WHAT THIS TASK INVOLVES.
The listing below has to be output exactly as given, less its pictures.

RECORD SET.
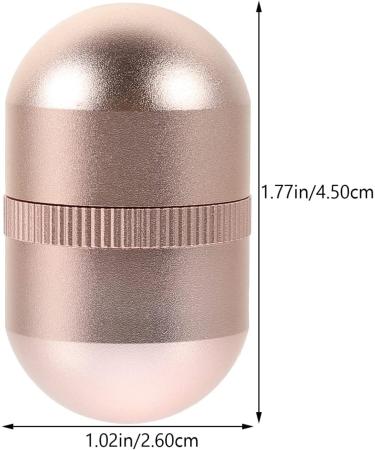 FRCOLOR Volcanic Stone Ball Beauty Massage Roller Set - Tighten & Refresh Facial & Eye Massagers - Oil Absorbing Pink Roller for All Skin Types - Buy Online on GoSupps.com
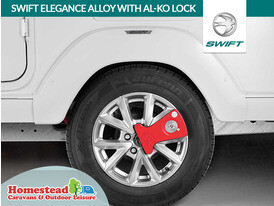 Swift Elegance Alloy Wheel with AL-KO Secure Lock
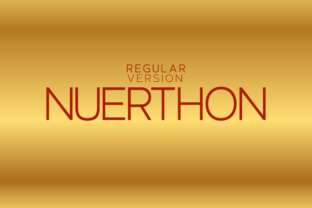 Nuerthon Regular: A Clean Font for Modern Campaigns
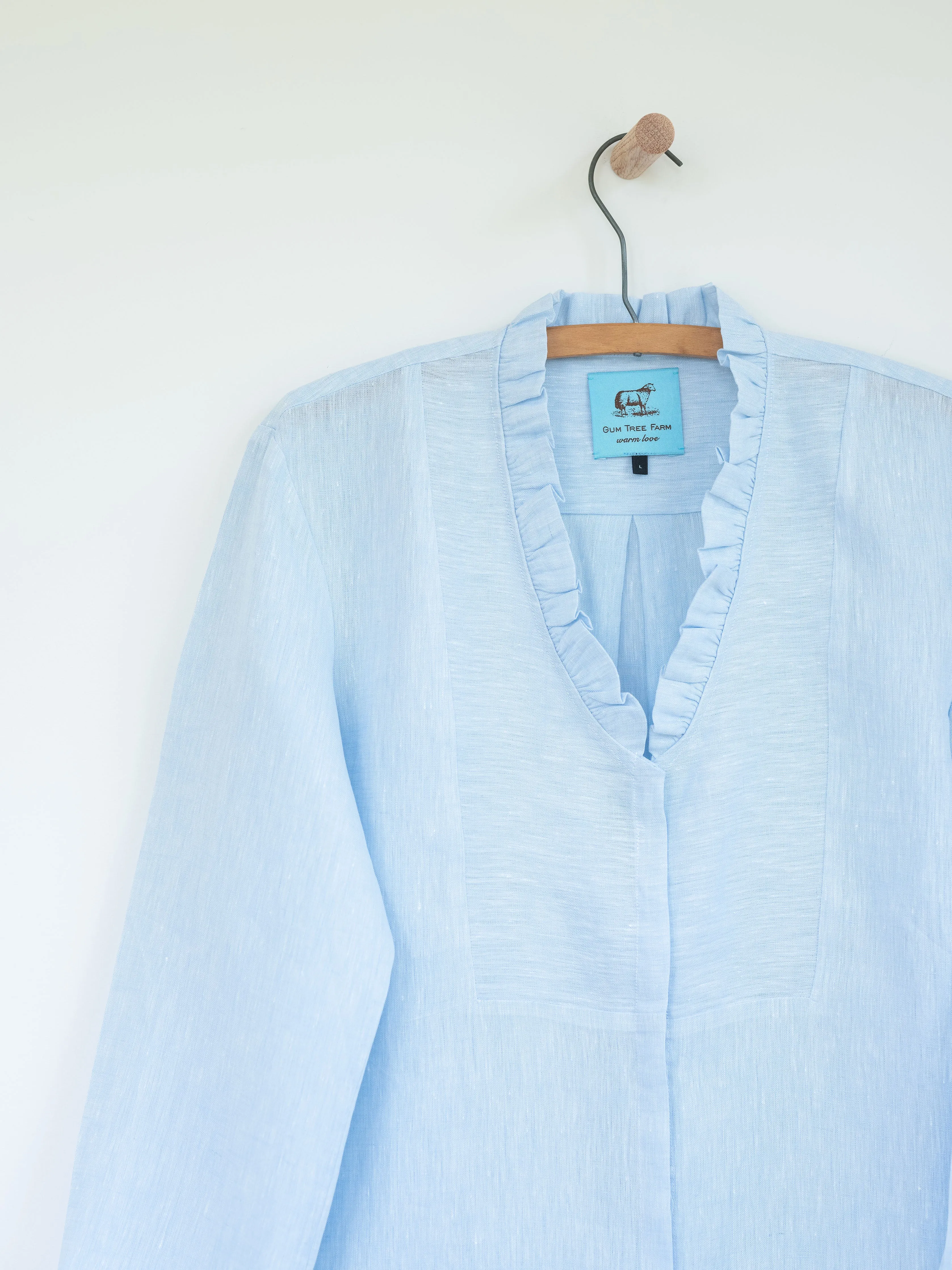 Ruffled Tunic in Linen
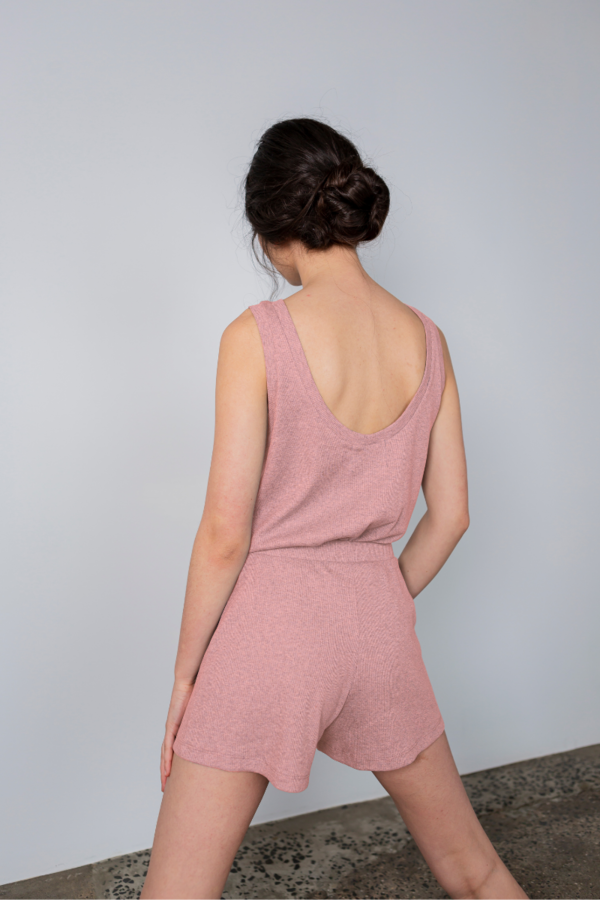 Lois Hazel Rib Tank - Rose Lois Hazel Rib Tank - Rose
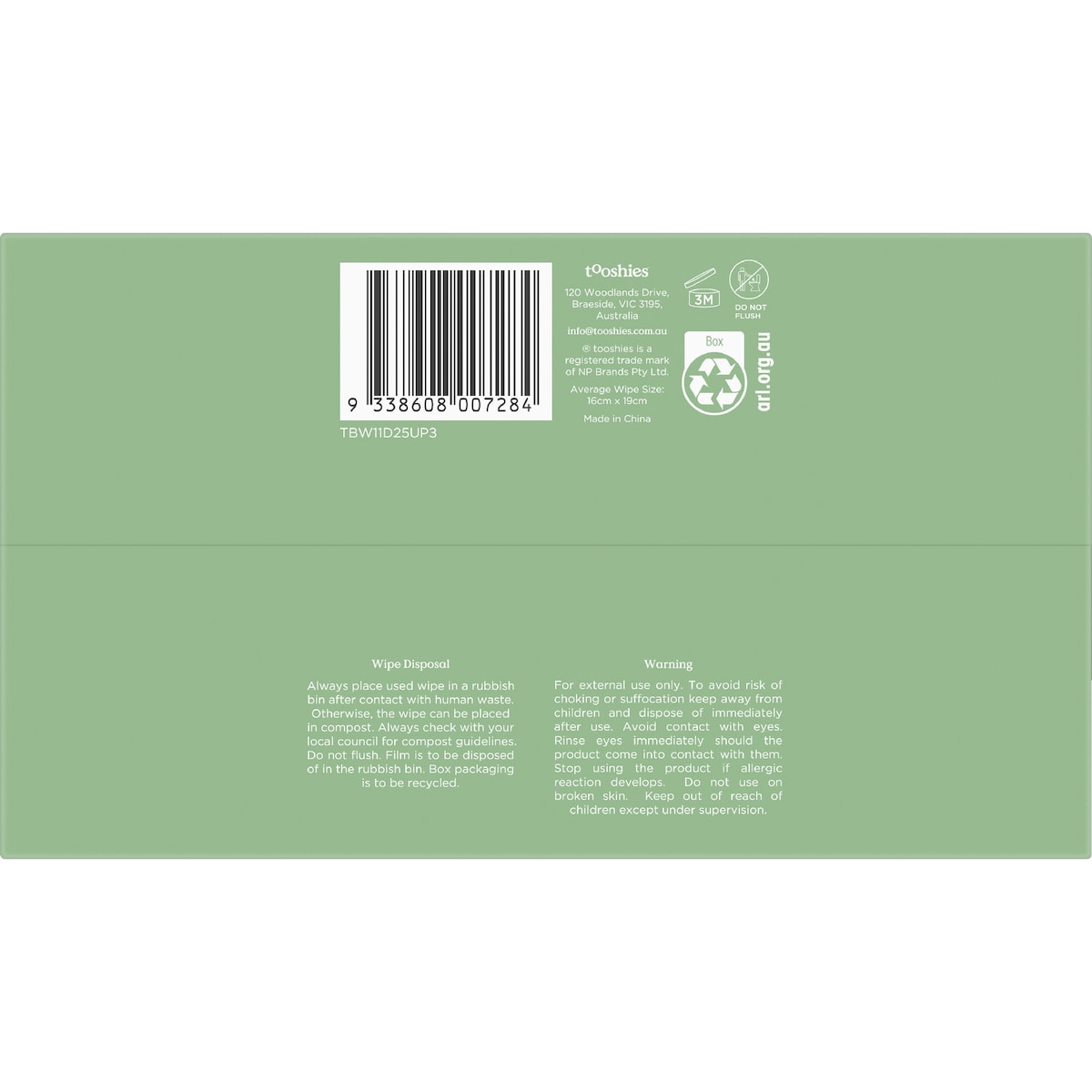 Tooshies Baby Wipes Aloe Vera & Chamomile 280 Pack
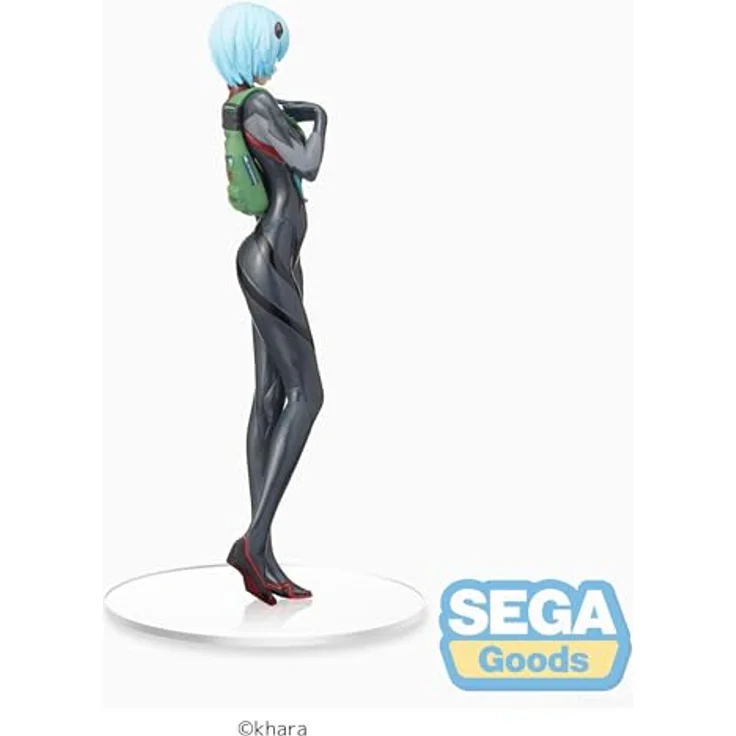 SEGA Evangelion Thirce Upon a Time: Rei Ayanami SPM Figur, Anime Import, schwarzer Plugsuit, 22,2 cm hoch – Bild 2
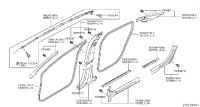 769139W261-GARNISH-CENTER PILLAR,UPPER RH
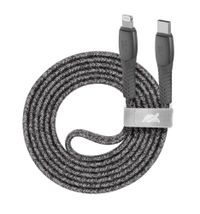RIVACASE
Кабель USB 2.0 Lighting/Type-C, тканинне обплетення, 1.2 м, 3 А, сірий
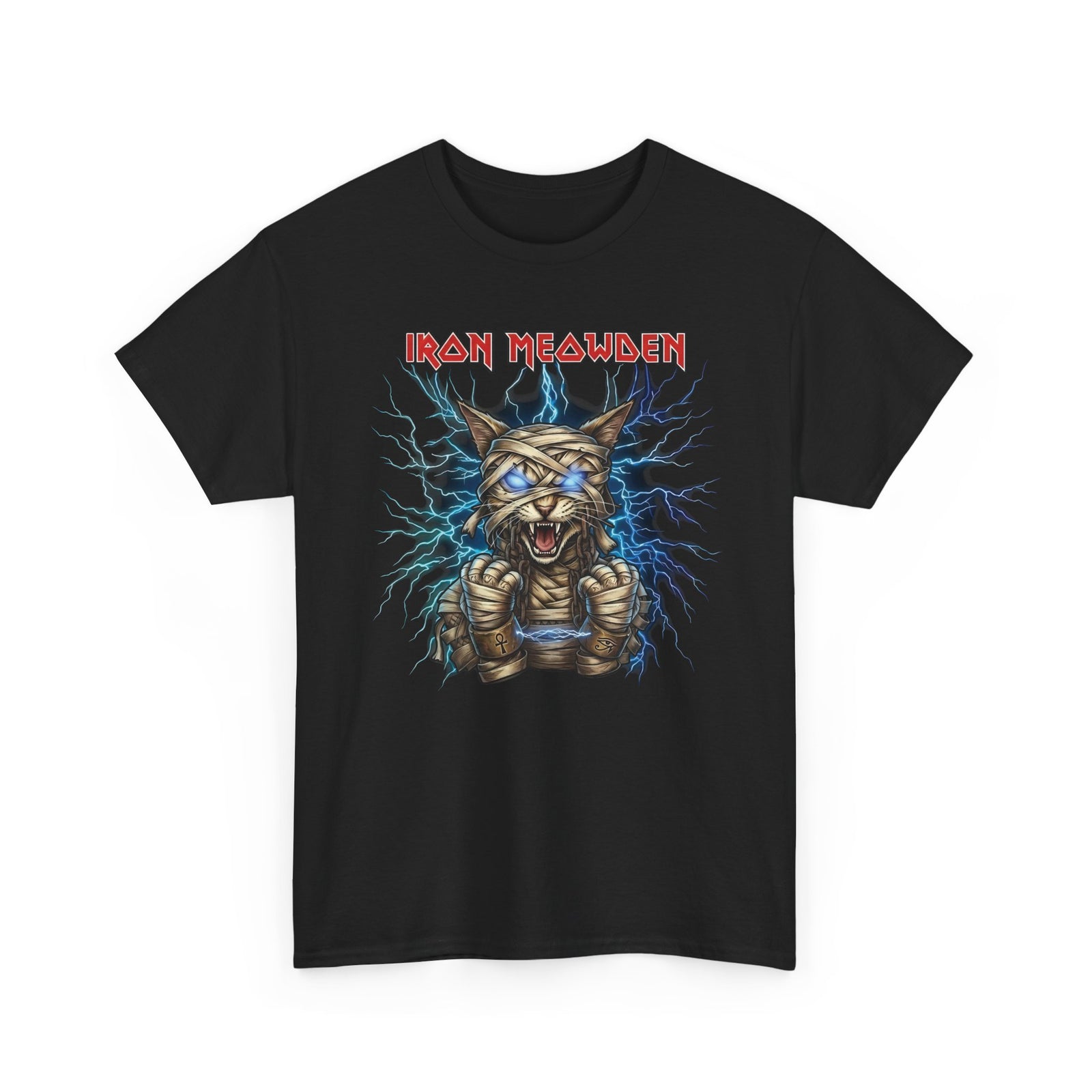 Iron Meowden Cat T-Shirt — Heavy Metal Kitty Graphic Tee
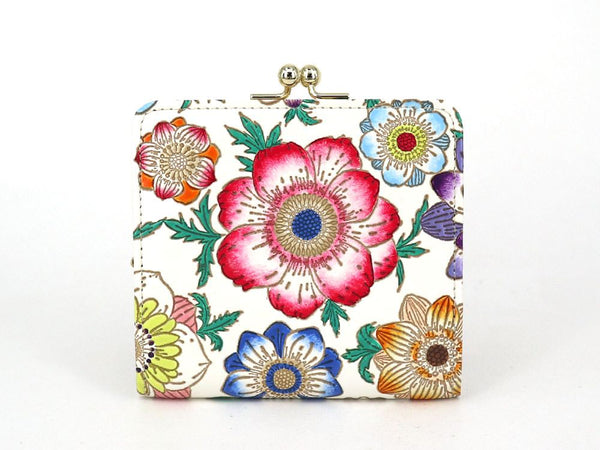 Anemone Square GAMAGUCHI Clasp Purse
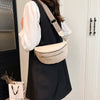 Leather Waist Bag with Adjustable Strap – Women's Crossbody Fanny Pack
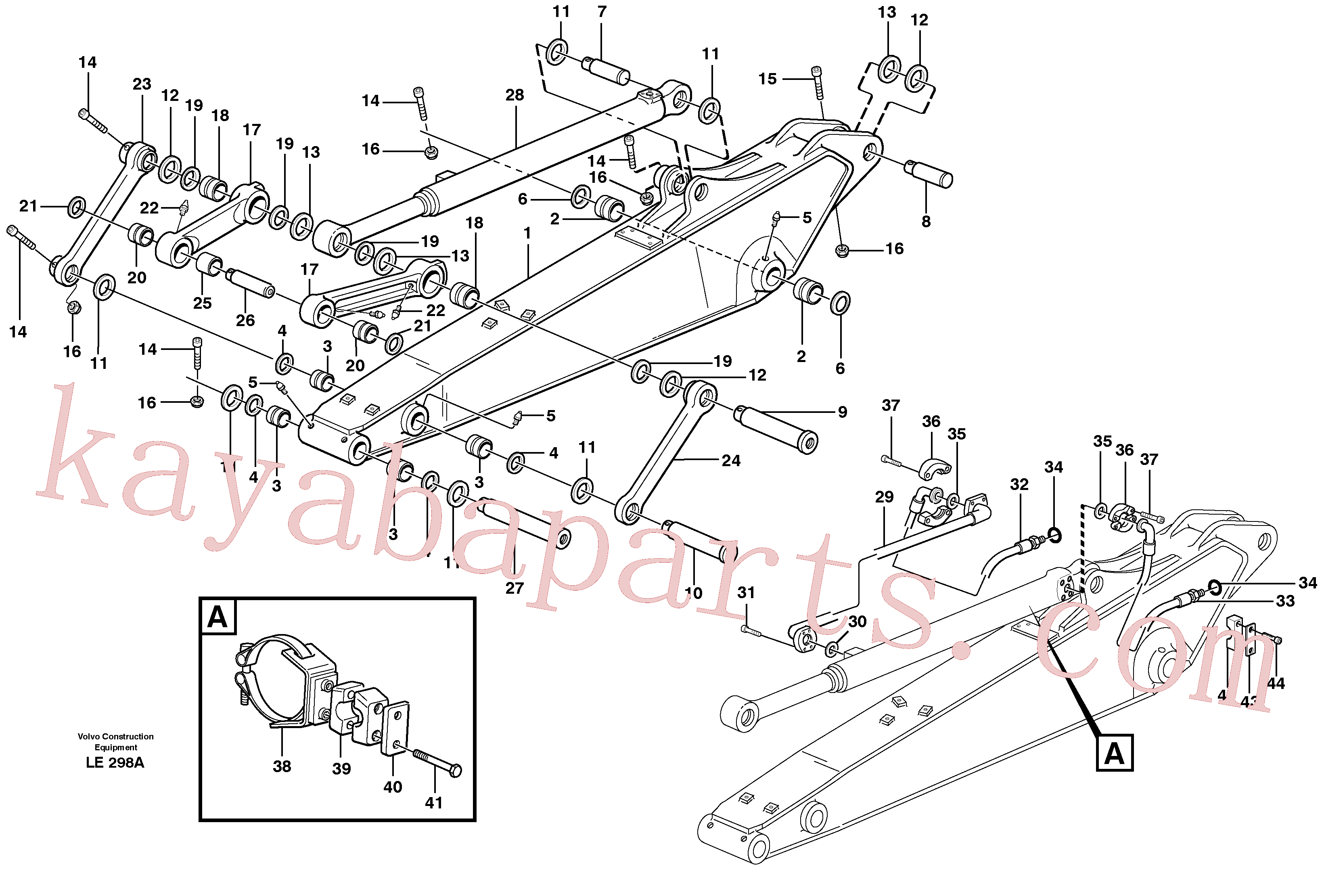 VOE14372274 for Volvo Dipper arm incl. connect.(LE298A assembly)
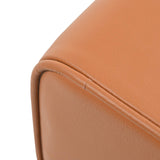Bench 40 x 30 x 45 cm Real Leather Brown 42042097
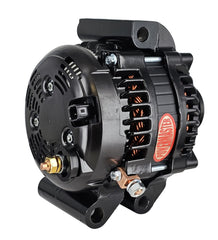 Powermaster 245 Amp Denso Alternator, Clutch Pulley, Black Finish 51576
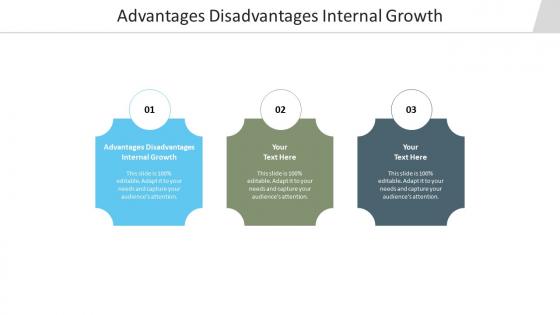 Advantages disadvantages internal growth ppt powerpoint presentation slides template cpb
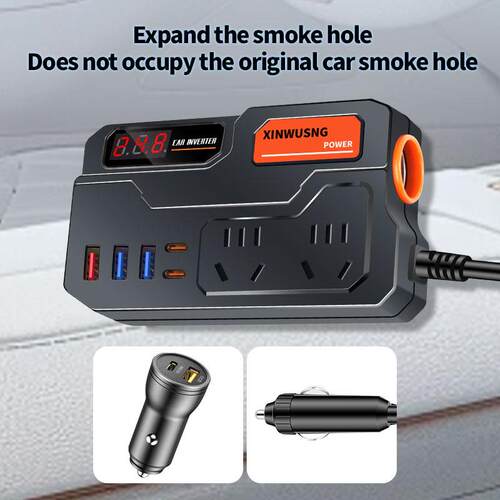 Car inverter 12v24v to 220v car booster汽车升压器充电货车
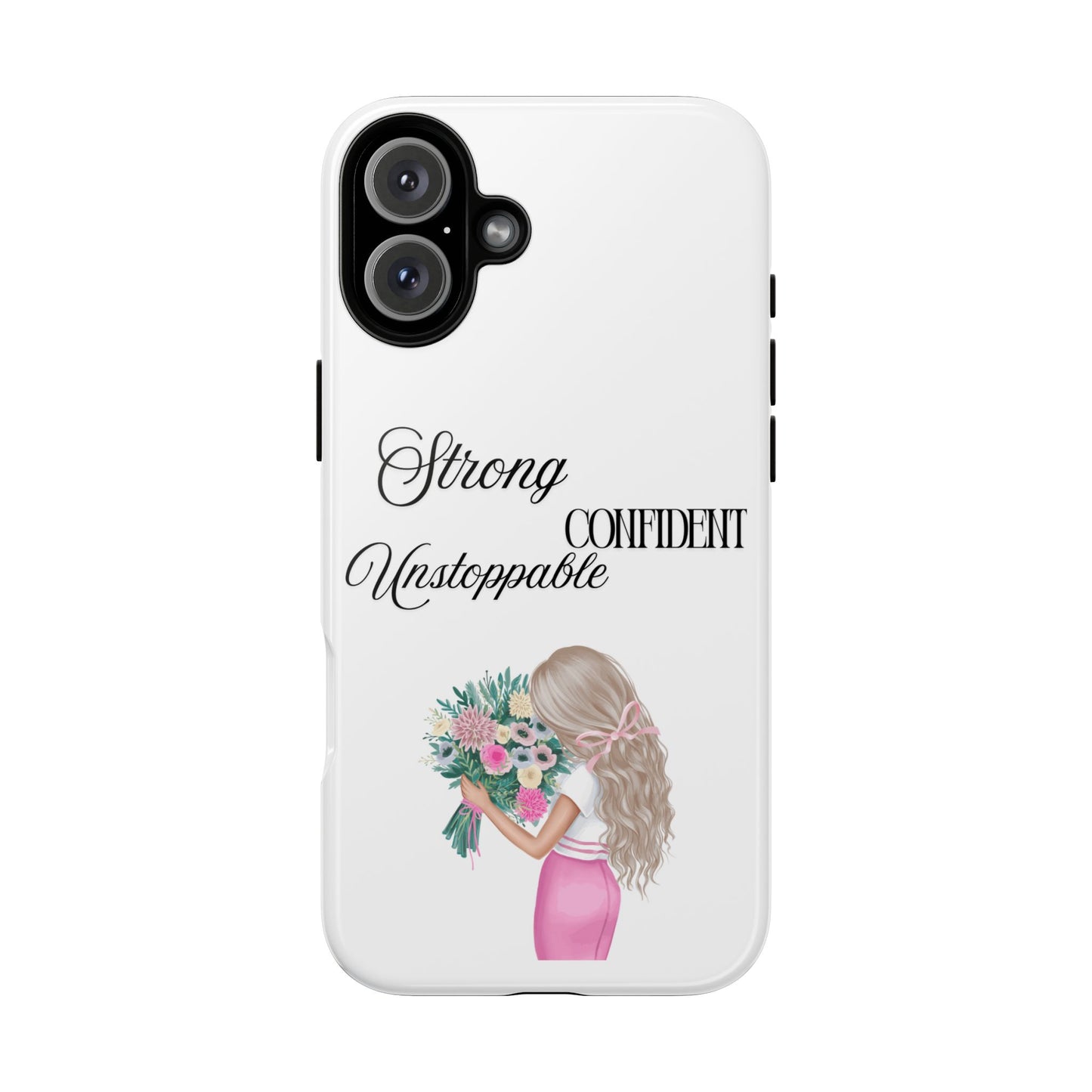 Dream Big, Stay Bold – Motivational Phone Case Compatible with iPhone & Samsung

SOLUTION TO THIS EXERCISE.
 FRCOLOR Volcanic Stone Ball Beauty Massage Roller Set - Tighten & Refresh Facial & Eye Massagers - Oil Absorbing Pink Roller for All Skin Types - Buy Online on GoSupps.com
 Swift Elegance Alloy Wheel with AL-KO Secure Lock
 Nuerthon Regular: A Clean Font for Modern Campaigns
 Ruffled Tunic in Linen
 Lois Hazel Rib Tank - Rose Lois Hazel Rib Tank - Rose
 Tooshies Baby Wipes Aloe Vera & Chamomile 280 Pack
 SEGA Evangelion Thirce Upon a Time: Rei Ayanami SPM Figur, Anime Import, schwarzer Plugsuit, 22,2 cm hoch – Bild 2
 769139W261-GARNISH-CENTER PILLAR,UPPER RH
RIVACASE
Кабель USB 2.0 Lighting/Type-C, тканинне обплетення, 1.2 м, 3 А, сірий
 Iron Meowden Cat T-Shirt — Heavy Metal Kitty Graphic Tee
 Anemone Square GAMAGUCHI Clasp Purse
 Leather Waist Bag with Adjustable Strap – Women's Crossbody Fanny Pack
 VOE14372274 for Volvo Dipper arm incl. connect.(LE298A assembly)
Bench 40 x 30 x 45 cm Real Leather Brown 42042097
 Powermaster 245 Amp Denso Alternator, Clutch Pulley, Black Finish 51576
 Advantages disadvantages internal growth ppt powerpoint presentation slides template cpb
 Car inverter 12v24v to 220v car booster汽车升压器充电货车
 Dream Big, Stay Bold – Motivational Phone Case Compatible with iPhone & Samsung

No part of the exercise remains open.